Thursday, February 21, 2008

Penimbun Harta Karun

Tanggal 16 Februari, tepat dua tahun aku numpang hidup di Bandung. Berarti sudah dua tahun juga aku menghuni kamar kosku. Beberapa hari lalu, tumben pagi-pagi aku tergerak untuk sedikit beberes. Beneran sedikit, karena cuma nyapu dan beresin koran yang terserak di lantai. Trus, iseng-iseng aku ngeliat salah satu laci. Rusuh deh isinya.
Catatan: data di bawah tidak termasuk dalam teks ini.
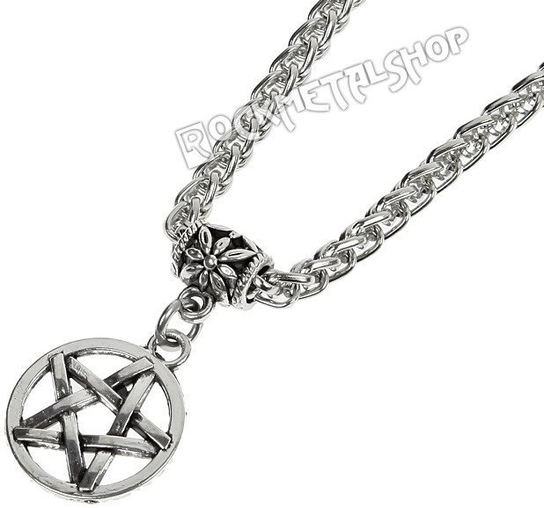 wisior + łańcuch PENTAGRAM Inna marka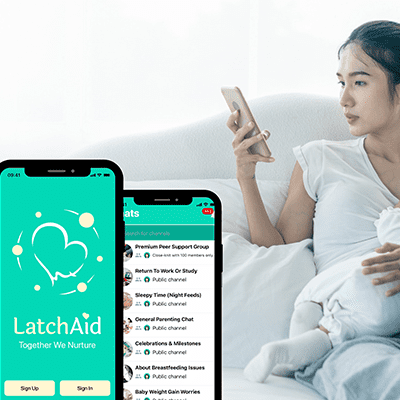 The Business Magazine article image for: LatchAid shares success to mark World Breastfeeding Week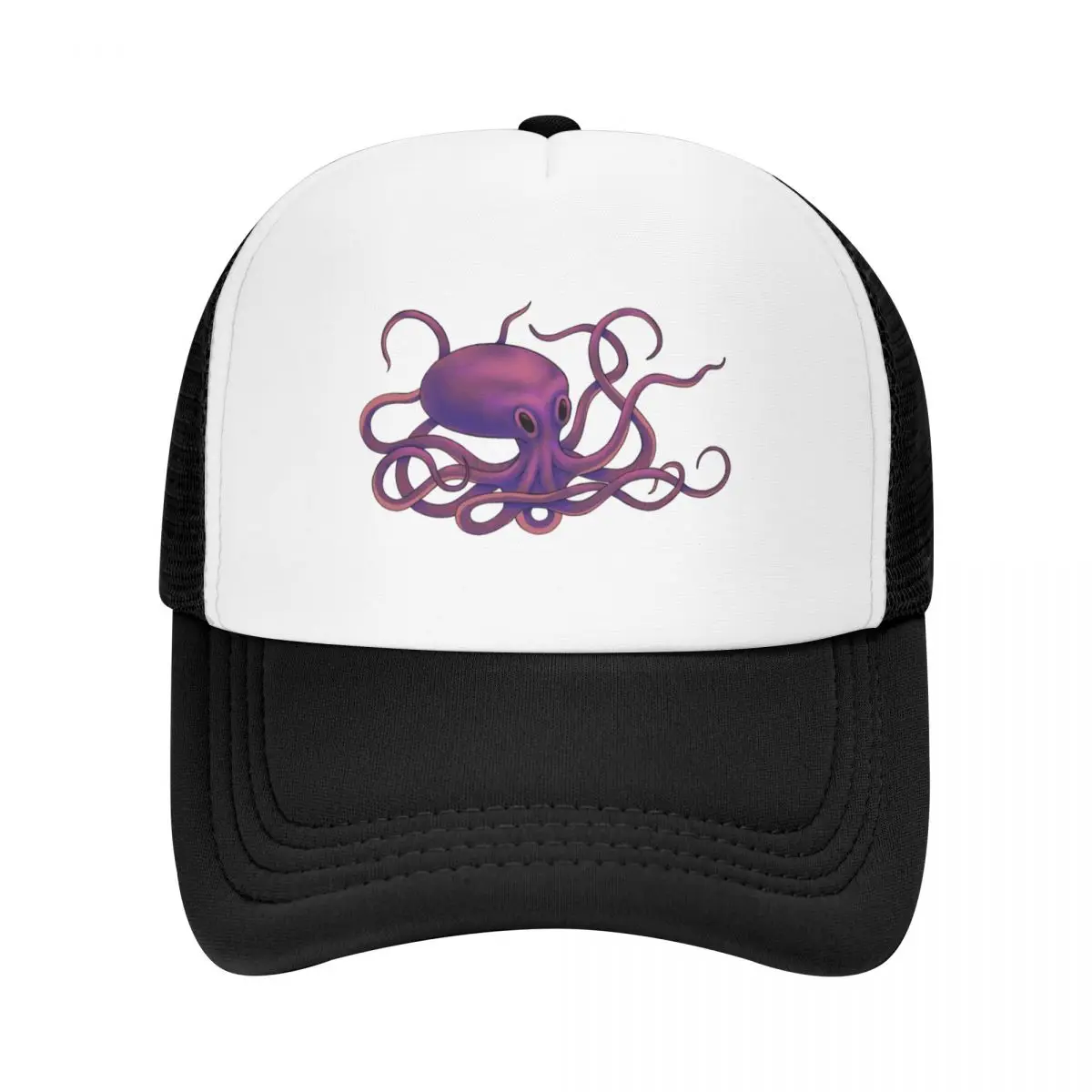

Octopus Baseball Cap Beach hats for men Trucker Hat |-F-| Men Women's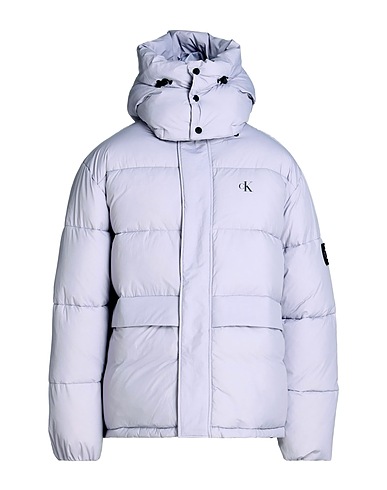 CALVIN KLEIN JEANS Shell jacket Lilac 100% Polyamide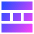 Layout Window 59 Icon from Sharp Gradient Set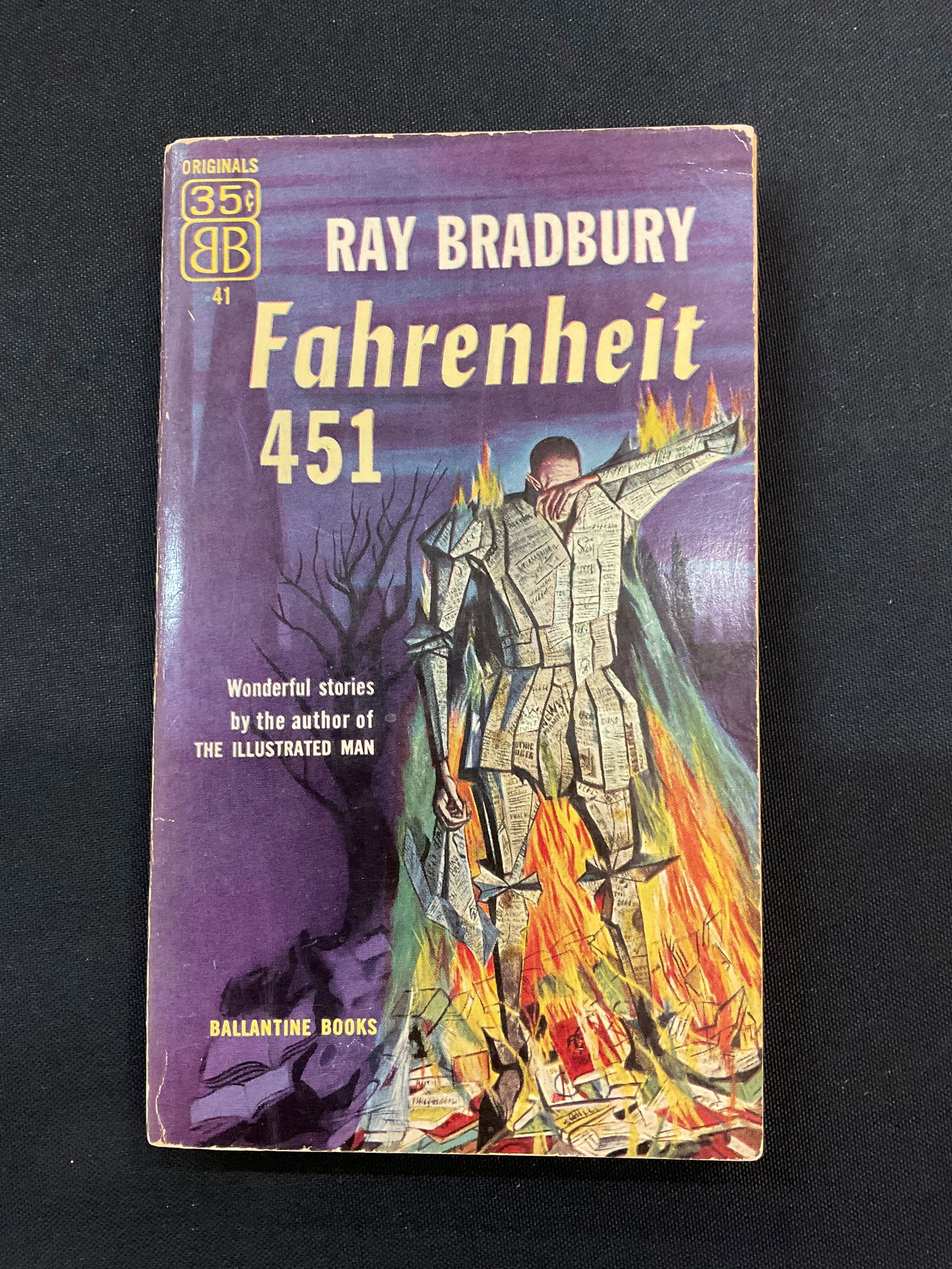 Fahrenheit 451 by Ray Bradbury 1953 (1 of 7)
Laci yang ukurannya gak seberapa itu penuh dengan sesuatu dari yang penting sampe gak penting sama sekali: slip gaji dari tahun pertama, kuitansi pembayaran kos, tiket kereta api, bon pembelian kamera, bon belanja di supermarket, kartu diskon dari foto studio dan kupon cuci cetak gratis (semua dah kedaluwarsa), dan receipt transaksi ATM dari bulan antah berantah. Stres juga ngeliatnya. Tapi tiba-tiba stresku terobati karena pas buka sebuah amplop, nemu uang Rp 100.000 di dalamnya. Seneng banget, berasa nemu harta karun! Laci pun aku rapiin. Barang-barang gak penting aku buang.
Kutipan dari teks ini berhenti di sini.